M. le procureur de la cour des aides[11] est premier président de la même compagnie : ce changement est grand pour lui ; ne manquez pas de lui écrire, l’un ou l’autre, et que celui qui n’écrira pas écrive dans la lettre de celui

qui écrira. Le président de Nicolaï est remis dans sa charge[12]. Voilà donc ce qui s’appelle les nouvelles.


  1. Lettre 234. — 1. Pierre Grotius, fils de l’auteur du Droit de la guerre et de la paix. Louis XIV était bien résolu à ne lui rien accorder. Il allait faire la guerre à la Hollande, avec le roi d’Angleterre, aux termes du traité d’alliance négocié par Madame au mois de juin précédent. La guerre fut déclarée aux états le 6 avril suivant.

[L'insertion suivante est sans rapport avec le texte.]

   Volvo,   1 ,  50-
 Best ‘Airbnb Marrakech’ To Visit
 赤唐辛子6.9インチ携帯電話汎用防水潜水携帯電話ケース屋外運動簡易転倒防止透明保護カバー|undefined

  2. 2. Le duc de Bouillon était grand chambellan de France, et le duc de Créquy premier gentilhomme de la chambre du Roi.
  3. 3. Des gardes françaises. Voyez la lettre 217, p. 409.
  4. 4. On prenoit alors la pique en pareille occasion : aujourd’hui c’est l’esponton (sorte de demi-pique que portaient autrefois les officiers d’infanterie). (Note de Perrin.)
  5. 5. Sur « cet homme de rien, » fils d’une femme de chambre de la Reine mère, et la singulière fortune qu’il fit à la cour par son jeu, sa libéralité, la sûreté de son commerce et son bon goût, voyez Saint-Simon, tome II, p. 385-387. Il mourut en 1708. Il se peut qu’il soit l’original du Périandre de la Bruyère (au chapitre des Biens de fortune). — Sur Dangeau, voyez la note 5 de la lettre 59.
  6. 6. On ne sait pourquoi l’église des Jacobins de la rue Saint-Honoré était, sous Louis XIV, le rendez-vous des courtisans et des galants. « Là se trouve, dit Bussy Rabutin, la fine fleur de la chevalerie. » (Histoire de Paris, par Th. Lavallée, tome II, p. 243.)
  7. 7. Le récit de cette querelle de Dangeau et de Langlée se lit dans l’édition de 1725 et dans celles de 1726 ; il a été retranché dans les éditions de Perrin.
  8. 8. Voyez la note 11 de la lettre 36.
  9. 9. Dans l’édition de 1725 : « au berlan. » Furetière et l’Académie de 1694 donnent la double orthographe berlan ou brelan.
  10. 10. De premier maître d’hôtel du Roi. Voyez la note 8 de la lettre 40, la lettre 146, p. 117, et la lettre du 13 janvier suivant.
  11. 11. Nicolas le Camus. Voyez la note 16 de la lettre 150.
  12. 12. De premier président de la chambre des comptes. — Nicolas de Nicolaï, mort en 1686, père de Jean-Aymar, aussi premier président de la même cour.